Some of them do support it, even though they don’t feel they can vote for it because it might destroy their careers in the next GOP primary.
The reason so many Republicans would like to see the bill passed is because they know that with the huge, new Democratic majorities in both legislative chambers, that it’s eventually going to pass anyway.
They want to get this issue out of the way and behind them as soon as possible. The issue is trending hard against the GOP’s historical opposition, and they want the thing off the table before it starts to hurt them.
In 2005, a statewide poll taken for the Illinois Policy Survey by Northern Illinois University found that 31 percent of Illinoisans supported gay marriage, while 34 percent backed civil unions and 29 percent were opposed to any legal recognition.
Five years later, in 2010, a poll by Southern Illinois University’s Paul Simon Public Policy Institute found little change in the public’s attitudes — 34 percent supported gay marriage, 34 percent backed civil unions and 27 percent wanted no legal recognition.
But then things began changing fast. By 2012, the Paul Simon Institute’s annual poll had support for gay marriage at 44 percent. Opposition to all legal recognition was down to just 20 percent, while backing for the civil unions status quo was at 32 percent.
A Public Policy Polling survey taken last month had support for gay marriage at 47 percent, with opposition at 42 percent. Worse yet for the Republicans, 58 percent of people under 45 backed gay marriage, while 37 percent were against it. And 54 percent of women backed the idea, compared with 37 percent opposed.
Republicans and Democrats expect this trend to continue. By 2014, people figure that a solid majority of Illinoisans will support gay marriage.
The Republicans don’t want to be on the wrong side of another hot-button issue during the statewide election that year. They also don’t want it coming up in their primary election races that spring.
Except for things such as the state income tax increase, which was designed to be “temporary,” what’s done is usually considered done in politics.
The gay-marriage issue is causing some serious short-term divisiveness within the Republican Party ranks. Social conservatives such as freshman state Sen. Jim Oberweis and former U.S. Rep. Joe Walsh have called for state Republican chairman Pat Brady’s head for publicly lobbying on behalf of the gay marriage bill.
The quicker this thing gets resolved, goes the reasoning, the quicker the white-hot war will end and the quicker the party can move along to other, less divisive issues such as taxes.

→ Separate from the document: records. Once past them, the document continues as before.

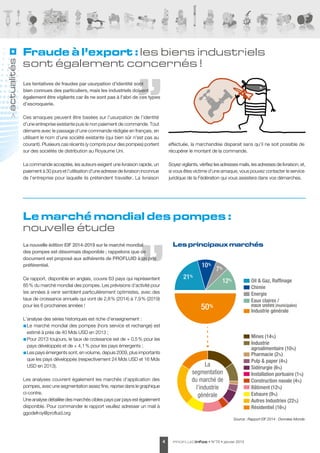 profluidinfos • N°70 • janvier 20154
Les tentatives de fraudes par usurpation d’identité sont
bien connues des particuliers, mais les industriels doivent
également être vigilants car ils ne sont pas à l’abri de ces types
d’escroquerie.
Ces arnaques peuvent être basées sur l’usurpation de l’identité
d’une entreprise existante puis le non paiement de commande. Tout
démarre avec le passage d’une commande rédigée en français, en
utilisant le nom d'une société existante (qui bien sûr n'est pas au
courant). Plusieurs cas récents (y compris pour des pompes) portent
sur des sociétés de distribution au Royaume Uni.
La commande acceptée, les auteurs exigent une livraison rapide, un
paiement à 30 jours et l’utilisation d’une adresse de livraison inconnue
de l’entreprise pour laquelle ils prétendent travailler. La livraison
effectuée, la marchandise disparait sans qu’il ne soit possible de
récupérer le montant de la commande.
Soyez vigilants, vérifiez les adresses mails, les adresses de livraison, et,
si vous êtes victime d’une arnaque, vous pouvez contacter le service
juridique de la Fédération qui vous assistera dans vos démarches.
actualités
Le marché mondial des pompes :
nouvelle étude
La nouvelle édition EIF 2014-2019 sur le marché mondial
des pompes est désormais disponible ; rappelons que ce
document est proposé aux adhérents de PROFLUID à un prix
préférentiel.
Ce rapport, disponible en anglais, couvre 63 pays qui représentent
85 % du marché mondial des pompes. Les prévisions d’activité pour
les années à venir semblent particulièrement optimistes, avec des
taux de croissance annuels qui vont de 2,8 % (2014) à 7,9 % (2019)
pour les 6 prochaines années !
L’analyse des séries historiques est riche d’enseignement :
■■ Le marché mondial des pompes (hors service et rechange) est
estimé à près de 40 Mds USD en 2013 ;
■■ Pour 2013 toujours, le taux de croissance est de + 0,5 % pour les
pays développés et de + 4,1 % pour les pays émergents ;
■■ Les pays émergents sont, en volume, depuis 2009, plus importants
que les pays développés (respectivement 24 Mds USD et 16 Mds
USD en 2013).
Les analyses couvrent également les marchés d’application des
pompes, avec une segmentation assez fine, reprise dans le graphique
ci-contre.
Une analyse détaillée des marchés cibles pays par pays est également
disponible. Pour commander le rapport veuillez adresser un mail à
ggodefroy@profluid.org
Les principaux marchés
Mines (14%)
Industrie
agroalimentaire (10%)
Pharmacie (2%)
Pulp  paper (4%)
Sidérurgie (6%)
Oil  Gaz, Raffinage
Chimie
Energie
Eaux claires /
eaux usées (municipales)
Industrie générale
Installation portuaire (1%)
Construction navale (4%)
Bâtiment (12%)
Exhaure (9%)
Autres Industries (22%)
Résidentiel (16%)
50%
10%
21%
7%
12%
La
segmentation
du marché de
l’industrie
générale
Source : Rapport EIF 2014 - Données Monde
Fraude à l’export : les biens industriels
sont également concernés !
 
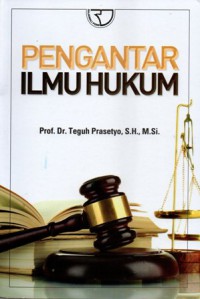 Pengantar Ilmu Hukum, Cet.1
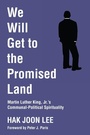 Cover: We Will Get to the Promised Land - Wipf & Stock Publishers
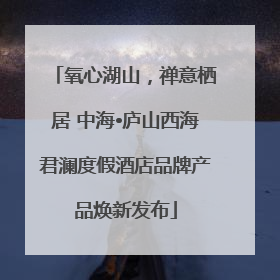 氧心湖山，禅意栖居 中海•庐山西海君澜度假酒店品牌产品焕新发布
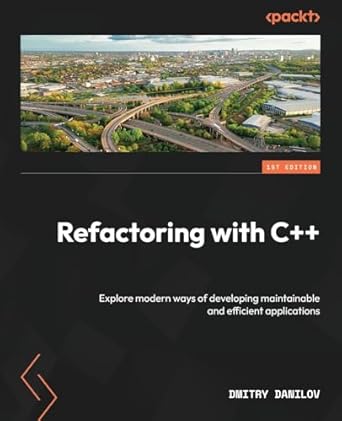 refactoring with c++ explore modern ways of developing maintainable and efficient applications 1st edition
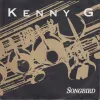 Kenny G - Songbird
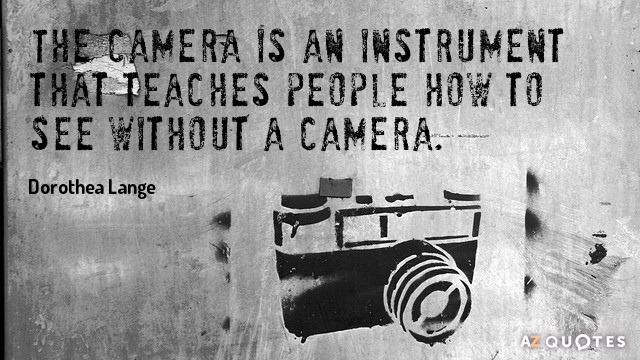 Dorothea Lange quote: The camera is an instrument that teaches people how to see without a...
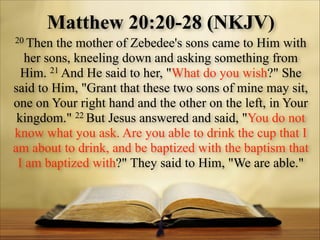 Matthew 20:20-28 (NKJV)
20 Then

the mother of Zebedee's sons came to Him with
her sons, kneeling down and asking something from
Him. 21 And He said to her, "What do you wish?" She
said to Him, "Grant that these two sons of mine may sit,
one on Your right hand and the other on the left, in Your
kingdom." 22 But Jesus answered and said, "You do not
know what you ask. Are you able to drink the cup that I
am about to drink, and be baptized with the baptism that
I am baptized with?" They said to Him, "We are able."

 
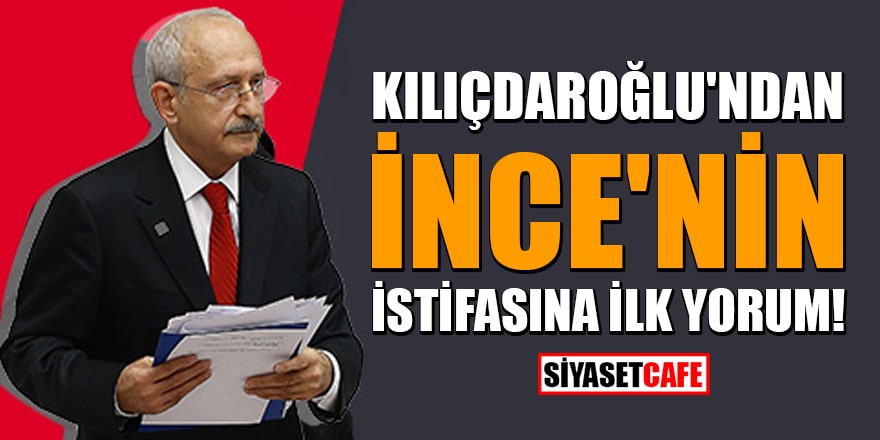 Kılıçdaroğlu'ndan İnce'nin istifasına ilk yorum!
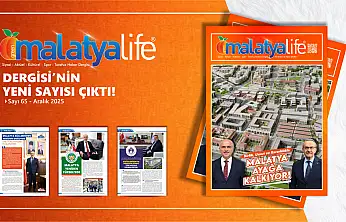 Malatya Life'ın Yeni Sayısı: Şehrin Yeniden Doğuşu Sayfalarda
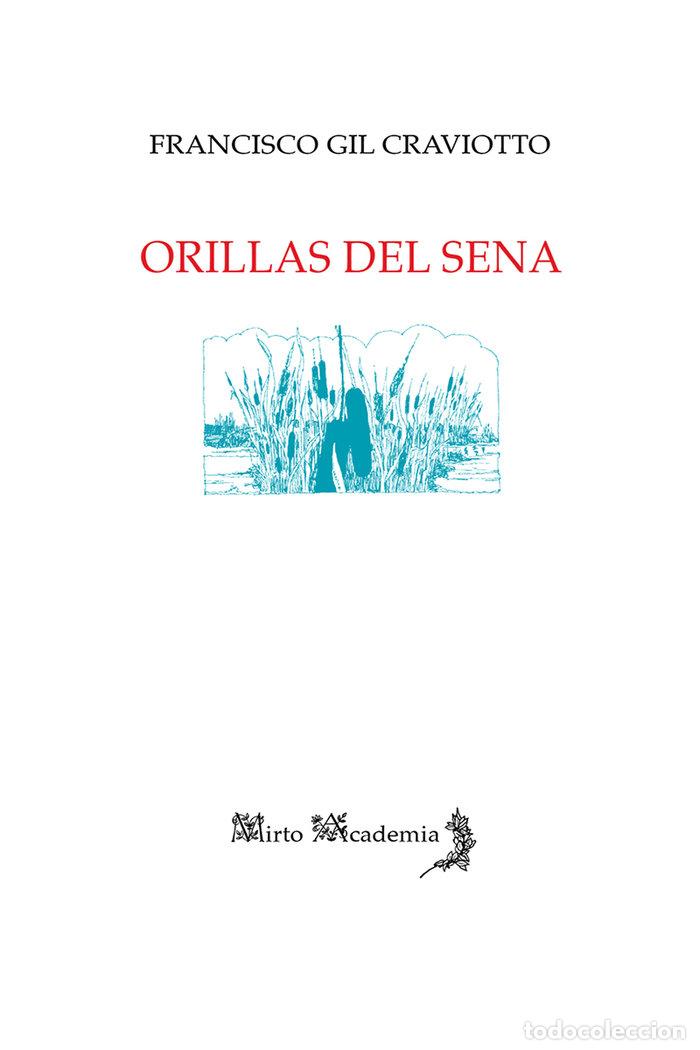 Libros: ORILLAS DEL SENA - GIL CRAVIOTTO, FRANCISCO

The Republicans want to make repealing the 2011 income tax hike (from 3 percent to 5 percent) a centerpiece of the 2014 election. The higher tax is set to expire in January 2015, less than two months after that election.
But if the GOP gets too bogged down in too many social issues where they are on the “wrong” side of public opinion, its candidates won’t stand much of a chance.
Anyway, that’s why Brady was sent out to walk the plank on the gay-marriage issue this month. Yes, he does personally support gay marriage, but he undoubtedly wouldn’t have gone so public with his support if party leaders were not encouraging him behind the scenes.
And the party’s top dogs, including U.S. Sen. Mark Kirk and its top two legislative leaders, want this thing taken care of so they can move beyond it, even though they may not actually vote for the bill when it gets to the floor.
Senate Minority Leader Christine Radogno (R-Lemont) will be a “no” vote on the bill, for example, but she didn’t try to stop Brady when he checked in with her before his public support of it.